There are two definitions of suspicion that frequently occur in a legal context. One refers to suspicious conduct and the other refers to a reasonable suspicion. The terms are related but are not the same.
The most common use of the word suspicion refers suspicious conduct. In this context, suspicion refers to a belief or opinion based upon facts or circumstances that are not sufficient to constitute proof. This version of suspicion is often seen in the context of criminal records, where a person may be observed or arrested based on suspicion of involvement in criminal activity. If suspicion is not followed by any development in charges, then it is safe to assume that there was not sufficient evidence to support actual charges. On its own, a notation that a defendant was detained for suspicious activity or that the person was suspected of a particular crime is relatively meaningless. However, if a person’s criminal record contains multiple notations of suspicion, particularly notation of suspicion of the same or similar crimes occurring over extended periods of time, it may be indicative of a pattern of criminal behavior.

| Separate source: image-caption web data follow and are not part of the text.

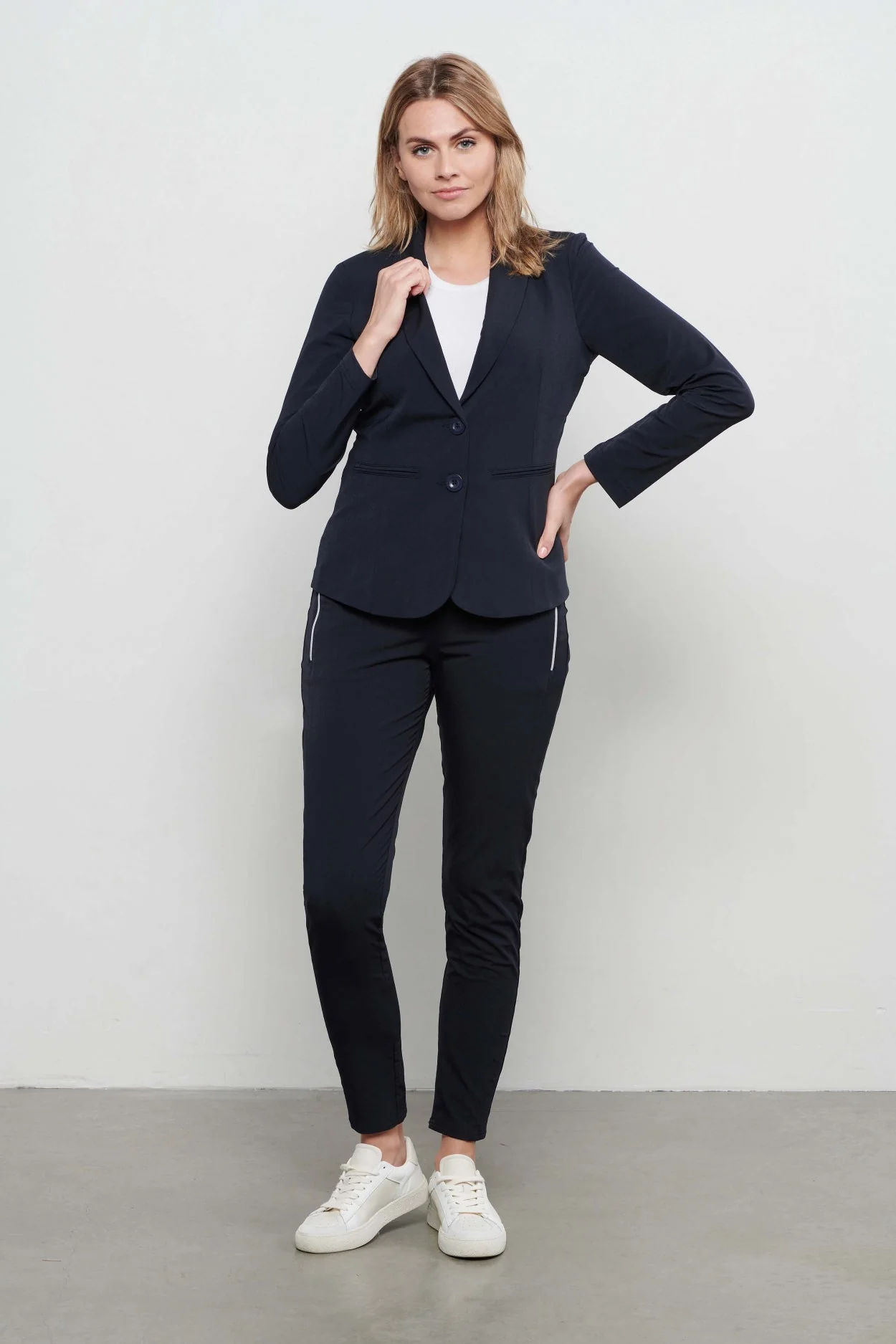Travel Blazer Phileine Navy BZ110 - Image 6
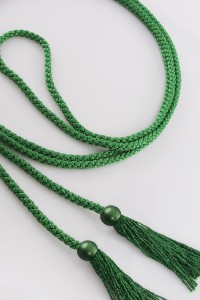 Cingulum with green tassels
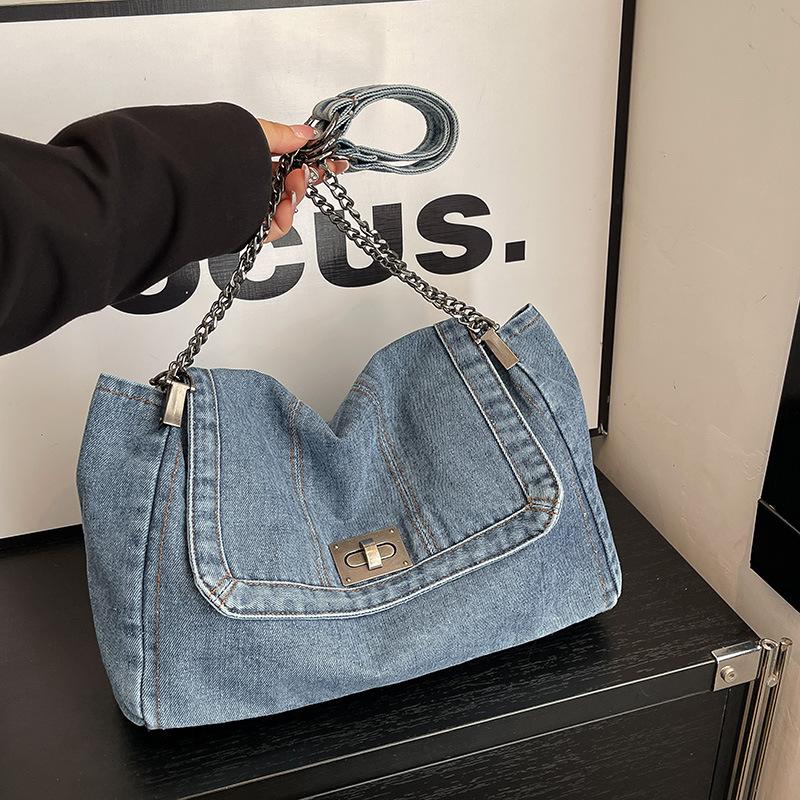 New Women Shoulder Bag Large Capacity Denim Lock Stitch Chain Casual Storage Bag Comfortable and Versatile Texture Crossbody Bag
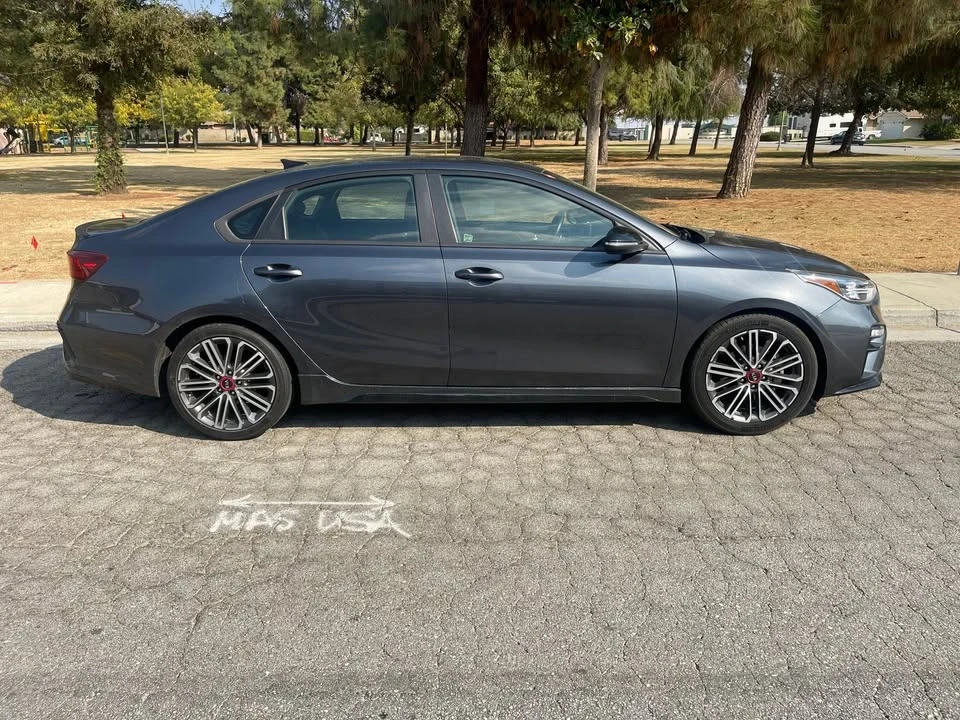 2020 Kia Forte - Image 11 of 20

The other common use of the word suspicion is in the term reasonable suspicion. Reasonable suspicion is a standard of proof in United States criminal law. Reasonable suspicion is a lower standard than probable cause, the standard of proof required for arrests and warrants. While reasonable suspicion may not be sufficient for arrests and warrants, it can provide a basis for certain actions by law enforcement personnel. A reasonable suspicion is judged from the totality of the circumstances from the perspective of the reasonable person. A reasonable suspicion must be based on a specific person and can justify things like a search for weapons to ensure officer safety, but not a search for contraband or evidence of a crime.